Repeat the listing word for word. No pictures belong in the copy.

DATA SEGMENT
· · · ·

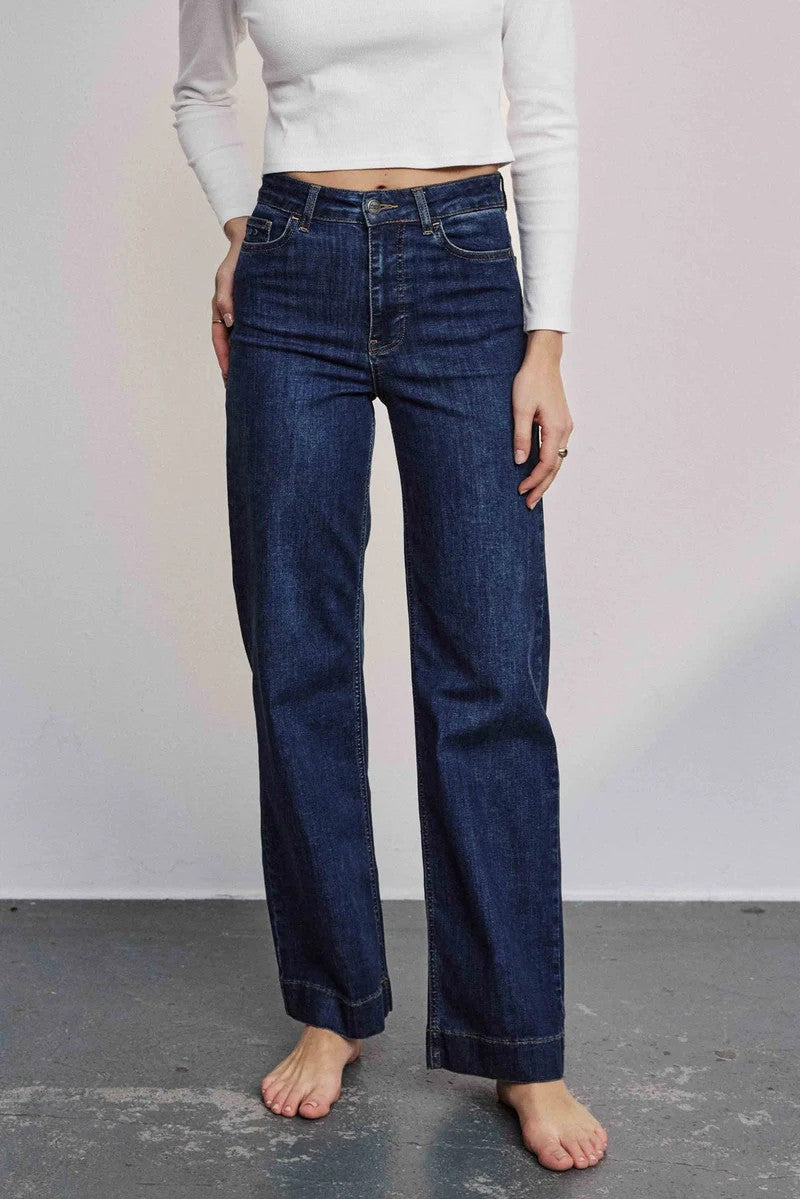Nümph Nuparis jeans long dark blue denim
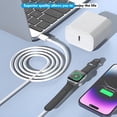 thumbnail image 4 of GJX Fast Charger for Apple Watch Charger,Usb C 20W Iphone Watch Charger Plug Adapter&Long 6.6Ft Iwatch Portable Wireless Fast Charging Cable Cord Compatible with Apple Watch, 4 of 7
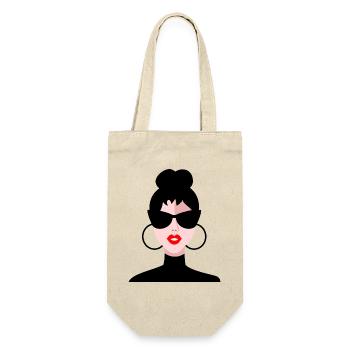 FEMME, GIRL, GIRLY, WOMAN, ADOLESCENT. TEENAGER - Sac à bouteille - nature - Devant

· · · ·

WRITTEN ANSWER
Nümph Nuparis jeans long dark blue denim
 thumbnail image 4 of GJX Fast Charger for Apple Watch Charger,Usb C 20W Iphone Watch Charger Plug Adapter&Long 6.6Ft Iwatch Portable Wireless Fast Charging Cable Cord Compatible with Apple Watch, 4 of 7
 FEMME, GIRL, GIRLY, WOMAN, ADOLESCENT. TEENAGER - Sac à bouteille - nature - Devant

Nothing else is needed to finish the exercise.